> [Aim of the exercise]:
The material below is to be copied exactly from the line with "Research Scholar Long" up to and including the line with "Armine Çiçek Desenli", with nothing else kept and no pictures.

> [Records for the task]:
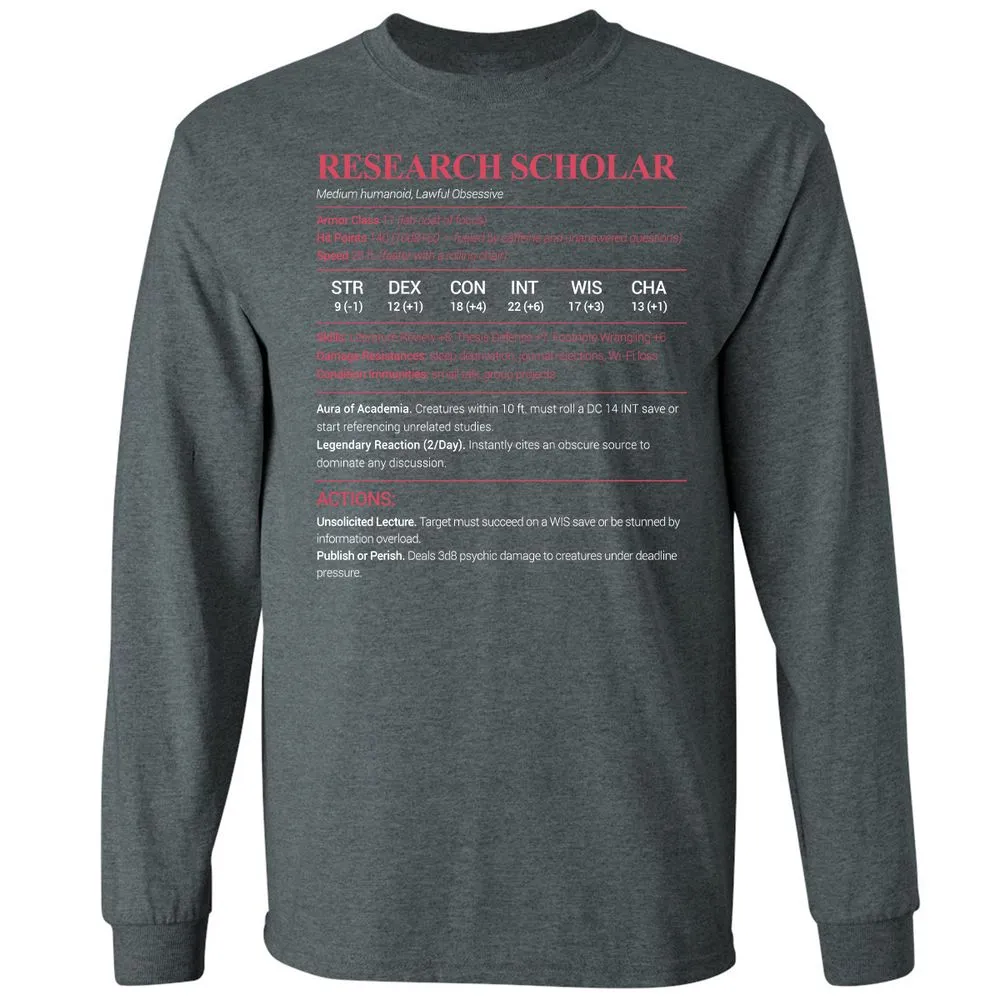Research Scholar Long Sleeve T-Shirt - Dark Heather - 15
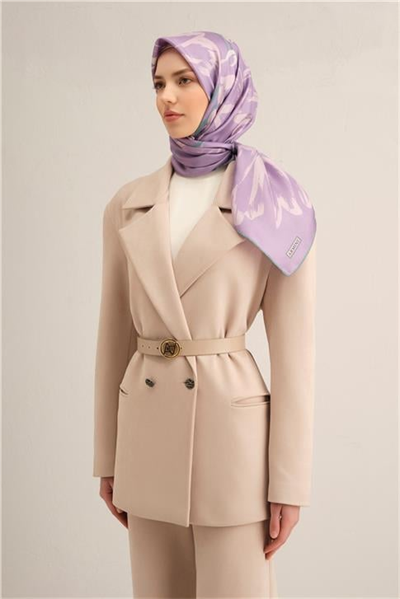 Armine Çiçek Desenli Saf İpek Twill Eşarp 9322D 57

--

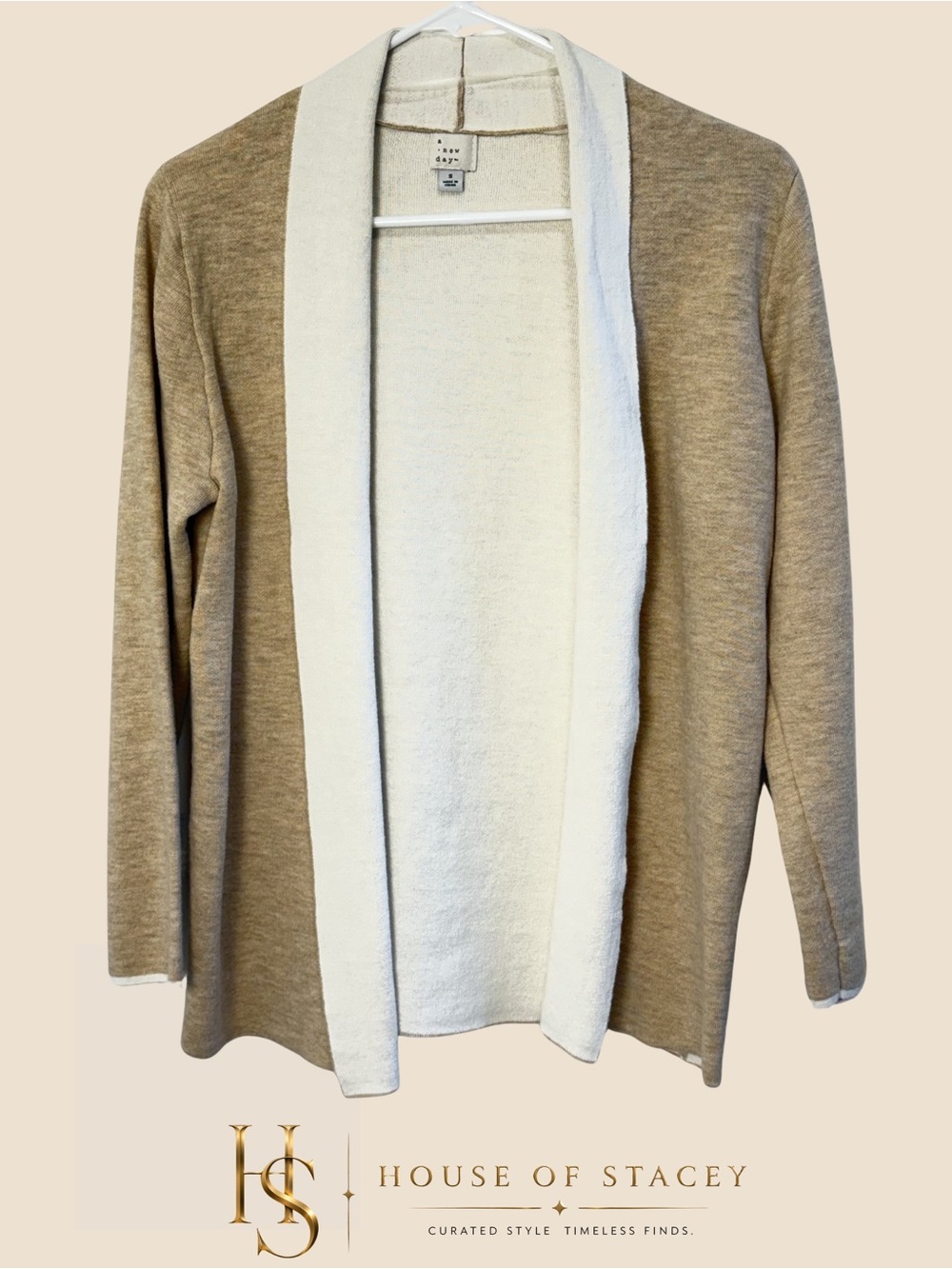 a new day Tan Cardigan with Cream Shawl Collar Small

* * *

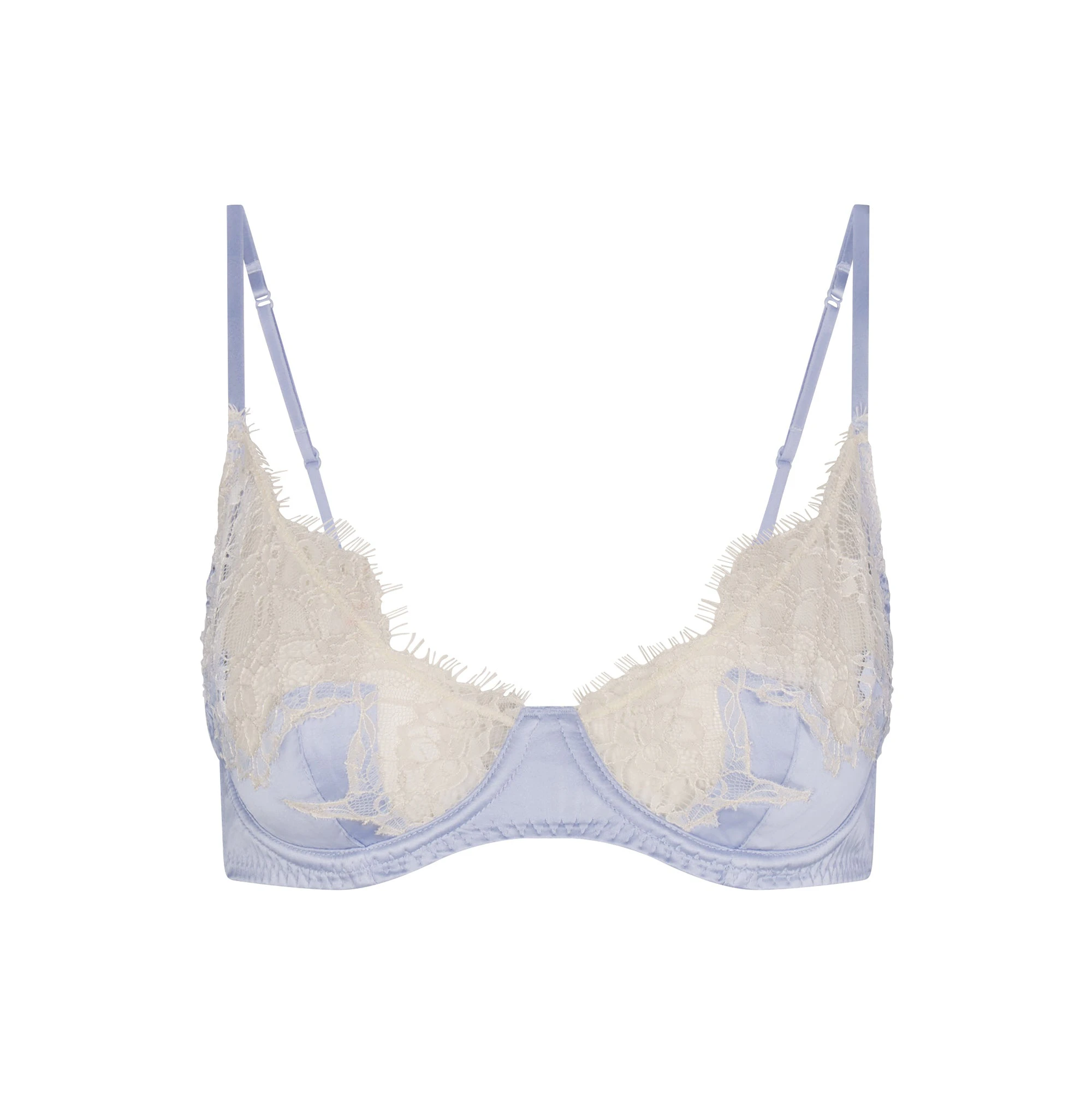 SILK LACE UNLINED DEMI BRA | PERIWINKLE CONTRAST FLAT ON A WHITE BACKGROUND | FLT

> [Written answer]:
Research Scholar Long Sleeve T-Shirt - Dark Heather - 15
 Armine Çiçek Desenli Saf İpek Twill Eşarp 9322D 57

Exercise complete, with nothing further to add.